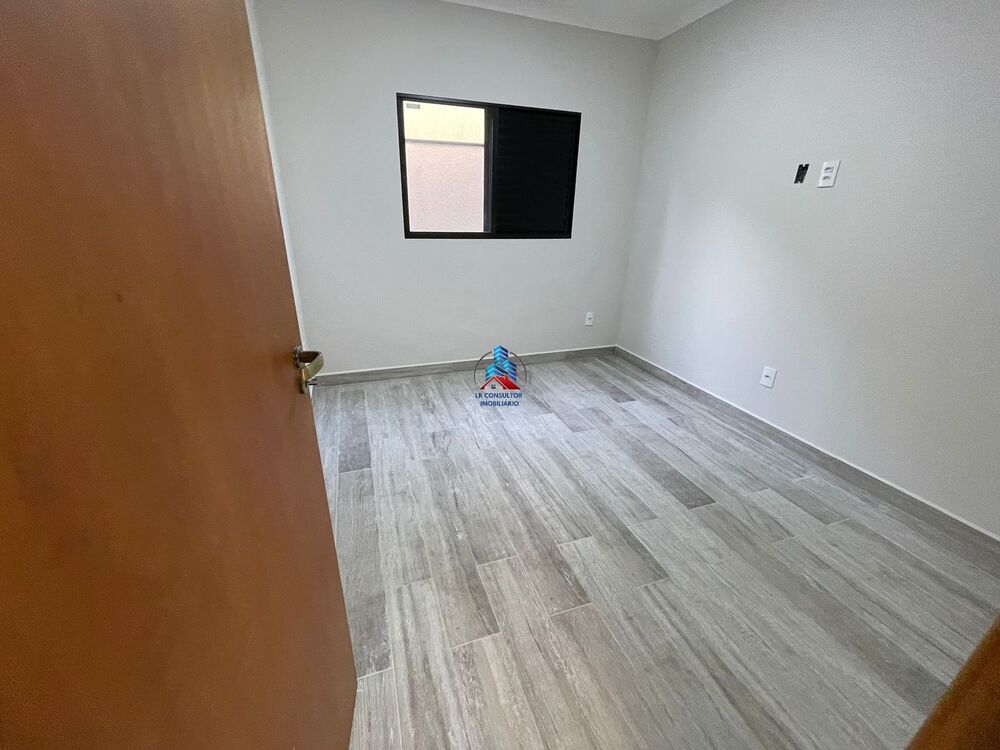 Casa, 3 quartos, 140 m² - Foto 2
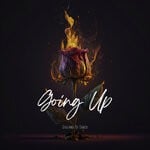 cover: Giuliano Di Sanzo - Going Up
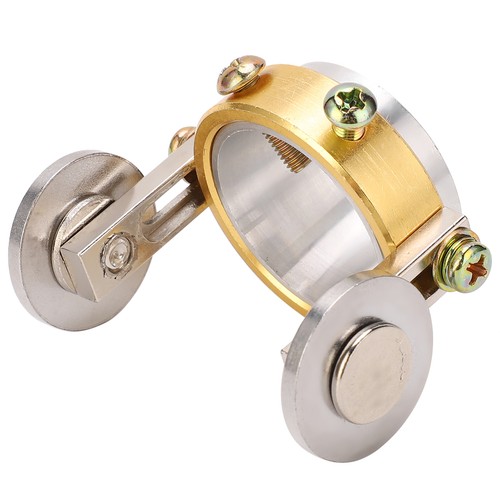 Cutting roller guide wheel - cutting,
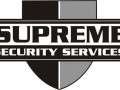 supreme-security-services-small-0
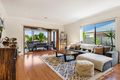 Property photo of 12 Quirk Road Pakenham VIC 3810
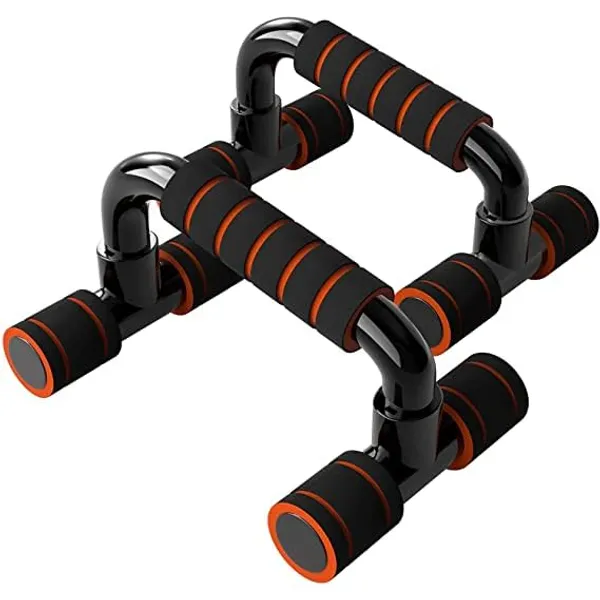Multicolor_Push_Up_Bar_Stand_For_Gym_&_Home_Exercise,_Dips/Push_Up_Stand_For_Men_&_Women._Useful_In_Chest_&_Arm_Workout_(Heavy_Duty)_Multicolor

Directions:
Write out exactly the opening lines of the data, stopping after the line that holds "Property photo of". Exclude pictures.

Task response:
 Casa, 3 quartos, 140 m² - Foto 2
 cover: Giuliano Di Sanzo - Going Up
 Cutting roller guide wheel - cutting,
 supreme-security-services-small-0
 Property photo of 12 Quirk Road Pakenham VIC 3810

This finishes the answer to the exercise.